中学生の時に、母親が「こういうのも読みなさい」といってある小説を渡したことがあった。教育ママではなかった母がそんなことを言うのはとてもめずらしいことだったので記憶に残っているのかもしれません。
それがなんと、 中年夫婦の話。
美人の奥さんは夫をそれなりに愛しているのだけれど、若い男とあぶない関係になる。
実際には不倫の関係まではいたらないんだけど、その揺れ動きが今思うとものすごくリアルに描かれていた。
中学生だからあぶない場面を読んでドキドキした。
わたしは推理小説とかSFを愛読していたので、
「こげんとは面白うない!」と言ったら、母親は
「あっ、そう」と言っただけでした。それっきりその小説のことを口にすることはなかった。
なぜあんな小説を中学生に読ませたんだろう、というのはずっと心の片隅にひっかかっていました。
酔っぱらってそのことを思い出したら「あっ」とわかってしまった。
母親は「複雑さ」を教えたかったんだ。
人間は、自分も含めて一筋縄ではいかない。
「正しいこと/いけないこと」の二分法だけでは人間という矛盾に満ちた存在を理解することができない。
それを教えたかったんだと思う。大げさに言うと
「複雑さに耐えて生きろ」という教育。
父親はそれと対照的。
「勉強せんかい!」「体を鍛えんかい!」
ことばは「教育的」です。 典型的な「九州の父親」です。
でも実は父親は世間的な意味での教育を放棄していたんじゃないかと思います。
責めているんじゃなくて、父親は、苦労を重ねたすえにうまくいかず、人生がままならないことを身にしみて思い知らされてしまった。
そのときに、「教育(学歴)」とか「社会的りっぱさ」とか「経済的豊かさ」とかを全部はぎ取られて裸一貫になったときの姿、そこに人間の真価というようなものがあらわれる、大事なのはそれだけだ、という確信を持ったんだと思います。
「勉強しろ!」と言ったのは、ま、家長としての義務を果たすというそれだけのことだったんじゃないだろうか。
父親の真価は夕食の時に発揮されました。
ジョークをかまして食事のあいだじゅう家族は笑い続ける、と言っても過言じゃない。食事を喜劇の場にする。
貧しくても楽しい食事。
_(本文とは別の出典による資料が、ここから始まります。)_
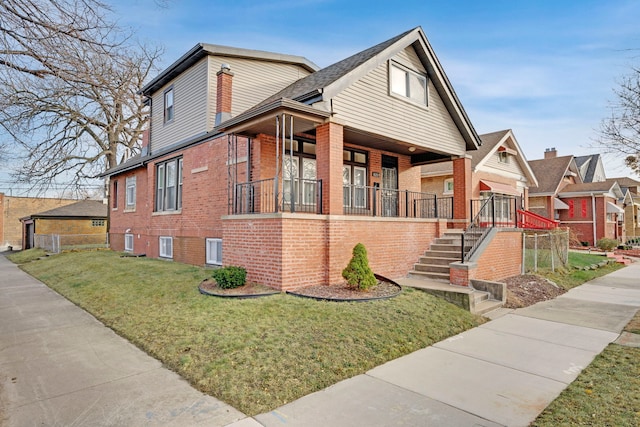 view of front of home featuring a porch and a front yard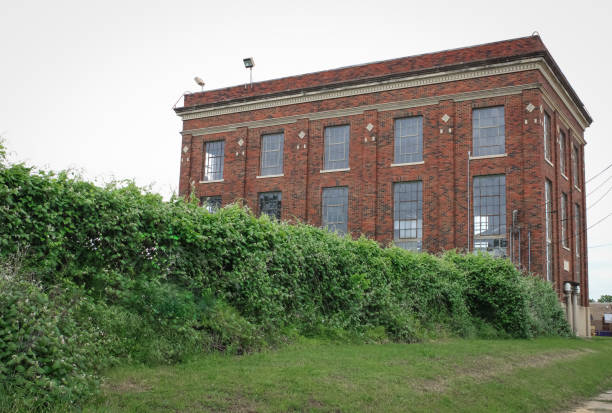Dallas Power Supply A tall, historic brick building that was one of four historic structures that were identical and used for power generation in Dallas, Texas grapevine texas city stock pictures, royalty-free photos & images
父親に反発を感じていた10代のわたしですが、一度も家出しようという気にならなかった。
父はそこに自分の全思想を賭けていたのだと思います。
家族や友人と楽しい食事をできない人間は、いくら社会的に成功していようと、いくらお金があろうとだめな奴なんだ。楽しい食事ができるかどうか、それだけが人間の質を決定する。
今思うとものすごい思想だと思います。
父親のことばで記憶に残っているのは、近所の小さな洋品店を営んでいるお爺さんが話題になったとき。はやらない洋品店でした。でも幸せそうだった。
父親はそのお爺さんを評して
「あの人はいい! ほがらかやから」
と力強く言いました。
「ほがらか」であり続けることの難しさを年を追うごとに感じます。
その難しさを父親は骨身にしみてわかっていたのだと思います。
対照的ですが、父も母もものすごい教育を授けてくれた。 そのことに頭が下がる思いがします。